Type out the data exactly as given. Skip any image.

----- Provided material

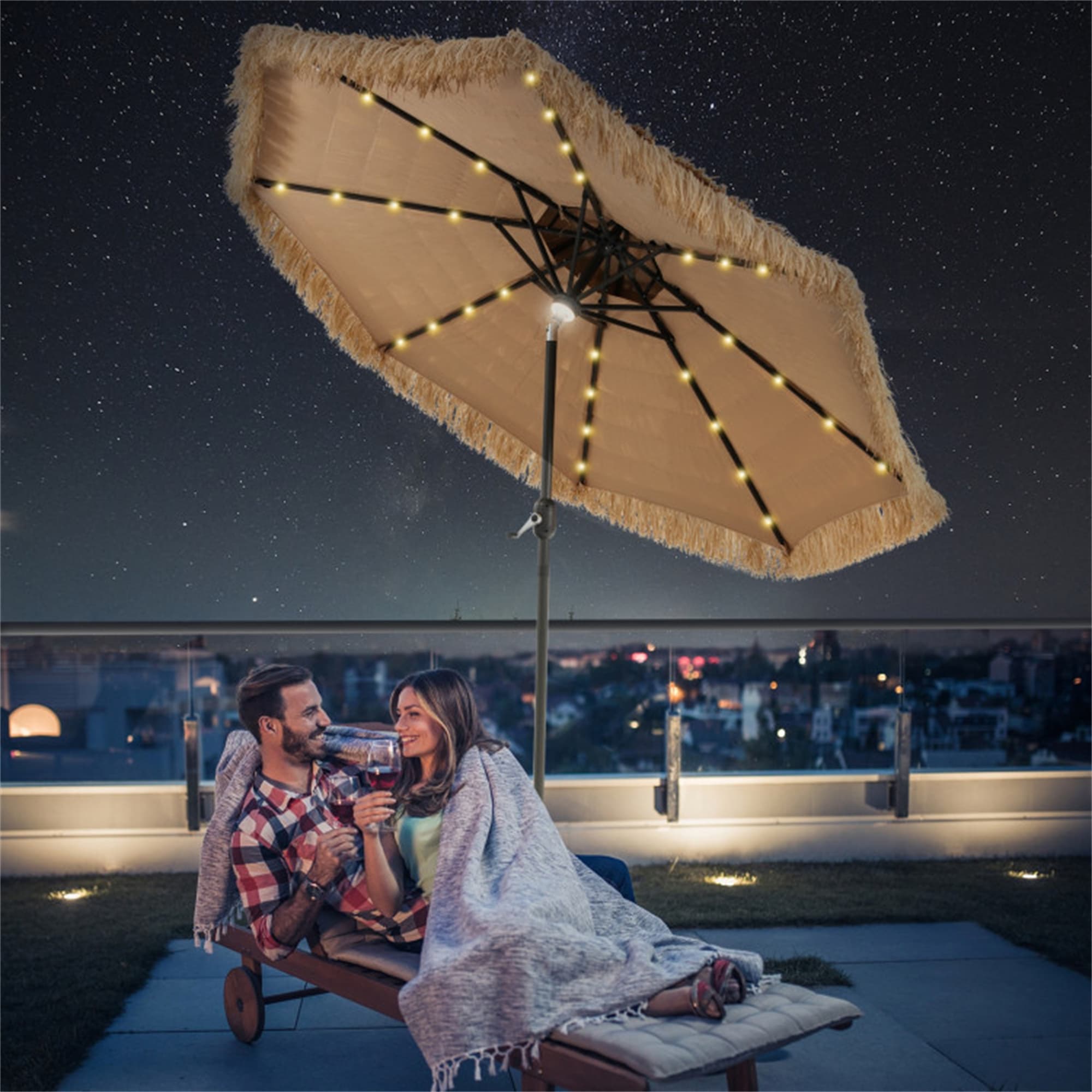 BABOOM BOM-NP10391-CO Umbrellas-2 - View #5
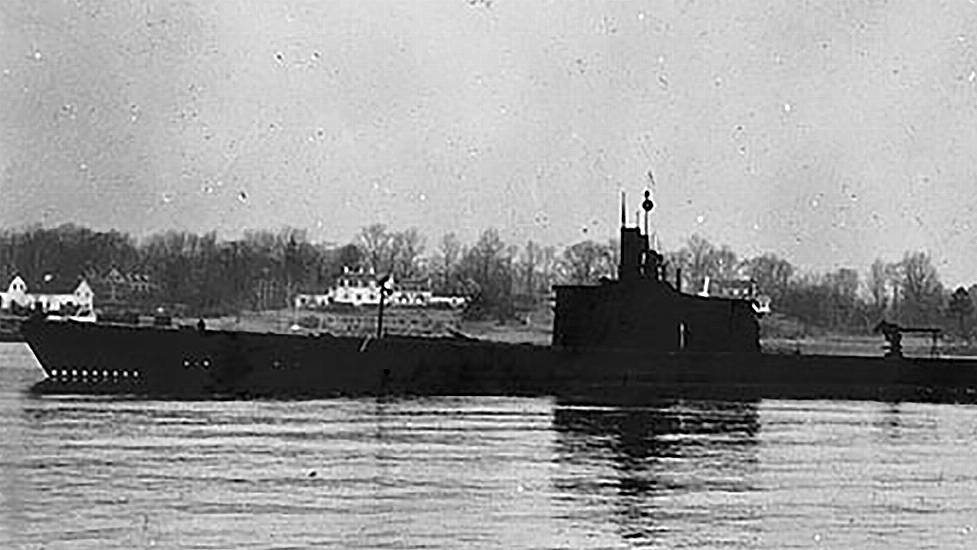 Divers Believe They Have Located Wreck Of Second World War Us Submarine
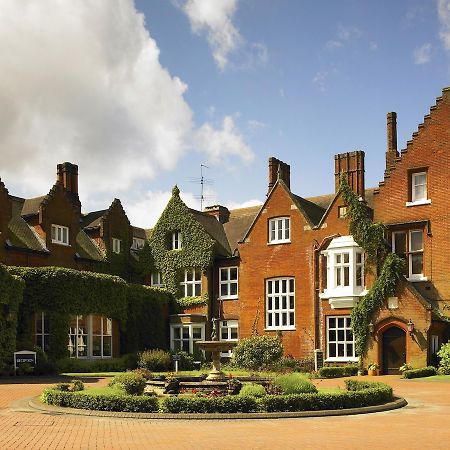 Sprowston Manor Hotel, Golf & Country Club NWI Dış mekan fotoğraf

----------

_Answer box:_
 BABOOM BOM-NP10391-CO Umbrellas-2 - View #5
 Divers Believe They Have Located Wreck Of Second World War Us Submarine
 Sprowston Manor Hotel, Golf & Country Club NWI Dış mekan fotoğraf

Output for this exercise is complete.